Movie Summary: Craggy jarhead and former High School football coach Doctor Robert "Bob" Hedges receives a gift in the mail from an his old friend Dr. Earling which turns out to be highly radioactive. Meanwhile, in the fetid swamps of Northern Florida, doddering Dr. Earling, his daughter Claire, and her excessively oily fiancee Victor have created a time machine which can bring knickknacks back from the future. Leathery "Bob" arrives and questions the veracity of their experiment, which causes Victor to secrete unguents at an alarming rate. Oh, "Bob" immediately hits on Clair, which for some reason causes tension between him and Victor. This goes on for a while, and somehow several of the characters strip down to swimsuits, baring their milky translucent flesh, and go romp and play in the nearby reeking backwater. The increasingly whiny and oleaginous Victor manages to use his time machine to summon a human from the year 5000, the above-named Terror, who in a gesture of good will rips the face off an unsuspecting nurse and hits on Victor, accidentally irradiating the poor dope. Saponaceous, stupefied Victor, buttery emollients now streaming freely from his every pore, agrees to go into the future with this murderous woman and sire her children. The whole mess ends quickly when the time machine goes ker-flooey and Victor and his new found love go up in a smoky grease fire. I guess they tampered in God's domain er sumphin'.
The leering caretaker Angelo rounds out the cast.

Prologue: Having recently acquired a parka, and taking his cue from winter garment catalogues, Tom Servo combs the Satellite looking for things to "comfort-rate:" a basketball, bologna, you get the picture. Turns out he's not very good at it, and he cries.

Segment One: The Observers are fed up with Pearl and Bobo, and decide to dissect them. But first, in true Star Trek fashion, they force the two to do battle, apparently to the death. Pearl is armed with a deadly double-bladed karanku, and Bobo with a sea snail.

Segment Two: The Observers send the Satellite samples of their highly evolved food, which comes in the form of pills. Of course, you don't eat one, you have to eat bowl-full after heaping bowl-full, so really what is the point, I mean if you're going to have pills and all, it's kinda stupid to... you know... have to... eat... lots. Anyway, Mike manages to make a gourmet delight by crushing them and making them into patties, in another hilariously food-based comedy gem, from us to you.

Segment Three: Crow volunteers to hop in Mike's freshly built time machine and go back to tell Mike's family that he's all right. Crow does go back in time, and spends eleven wonderful years with Mike's family before he returns, but he had such a darn good time that he plum forgot to tell them about Mike. And he hits on Mike's old girlfriend, Ginger, whom Crow calls "Ginger Sa-NAP!"

Segment Four: The Observers, intent on demonstrating their musical prowess, favor us with an old chestnut called "When I Held Your Brain In My Arms." It's a delightful little ditty, although when they sing, the Observers sound a helluva lot like Servo covering the Ink Spots.
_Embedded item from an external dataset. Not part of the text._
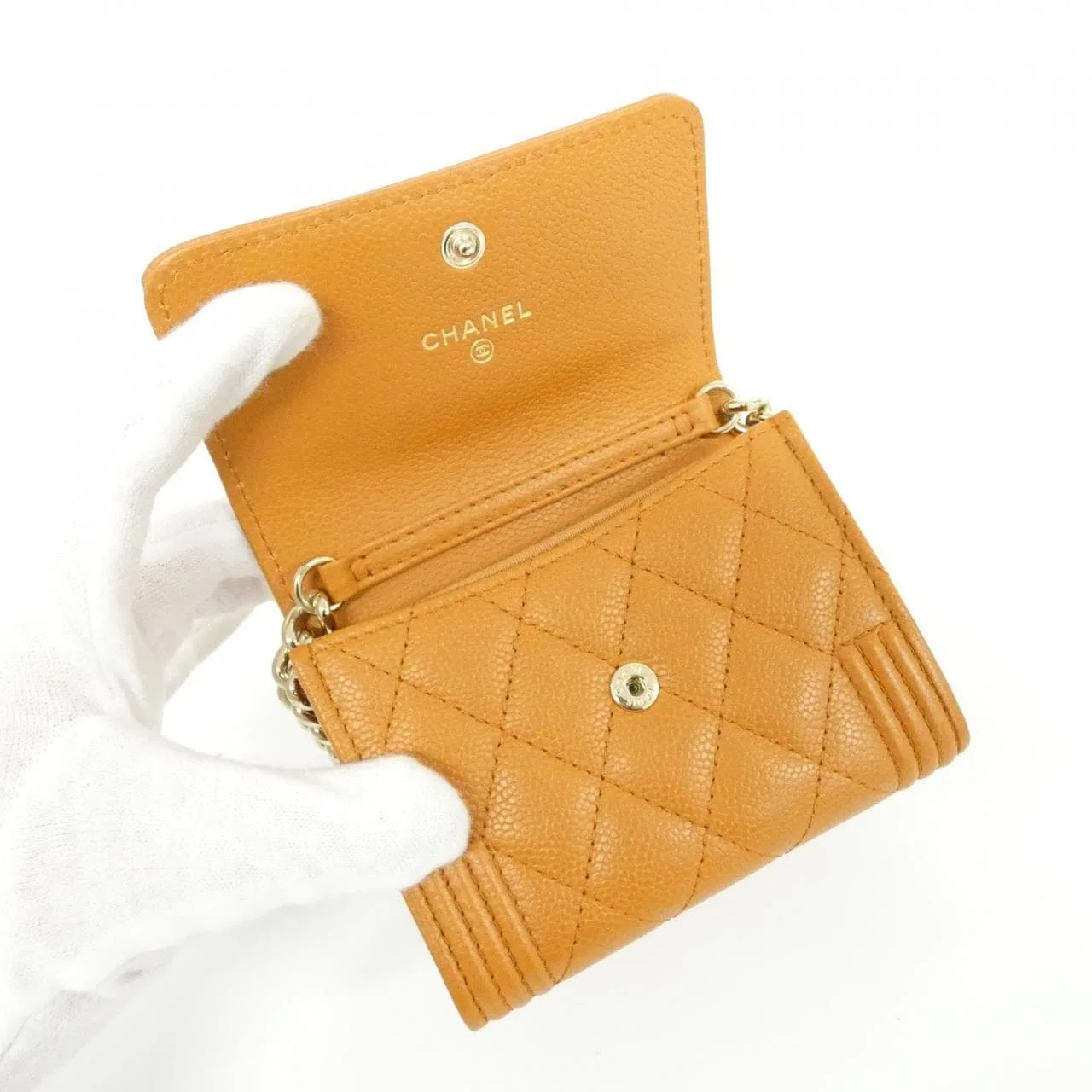 CHANEL Boy Chanel AP2206 Wallet Grained Calfskin 棕色 荔枝紋牛皮 中古品A - 縮圖 7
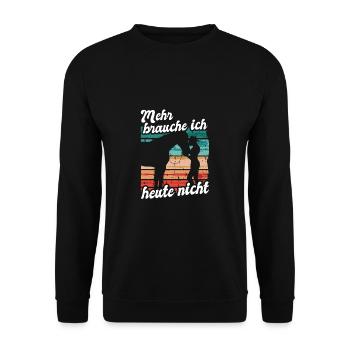Reiterin Reiten Mehr Brauche Ich Heute Nicht - Unisex Pullover - Schwarz - Vorne - Alina (178cm) & Michal (187cm)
Segment Five: To teach the rascally libidinous Crow a lesson, Mike sets his time machine to summon the radioactive and deadly Terror from the Year 5000! To be Crow's blind date, and everyone has a good laugh and learns an important lesson.

Reflections: I really like the Observers a lot. How often do you get to write for characters who talk like Jeremy Irons, sing like the Ink Spots and carry their brains, unguarded and vulnerable, in bowls? One of my heroes, Arthur C. Clarke, has often contended that a culture of sufficiently advanced technology would seem to us indistinguishable from magic. If this is true, then perhaps Galileo, upon seeing our modern age, would think of us all as wizards. The only thing Mr. Clarke doesn't take into account is how incredibly stupid any creature might be, no matter how advanced. We try in our own humble way to offer this alternate perspective. I hope some day that Mr. Clarke might watch our little puppet show, have a good laugh and perhaps, quoting Puck, cry "Shall we their fond pageant see? / Lord what fools these mortals be!"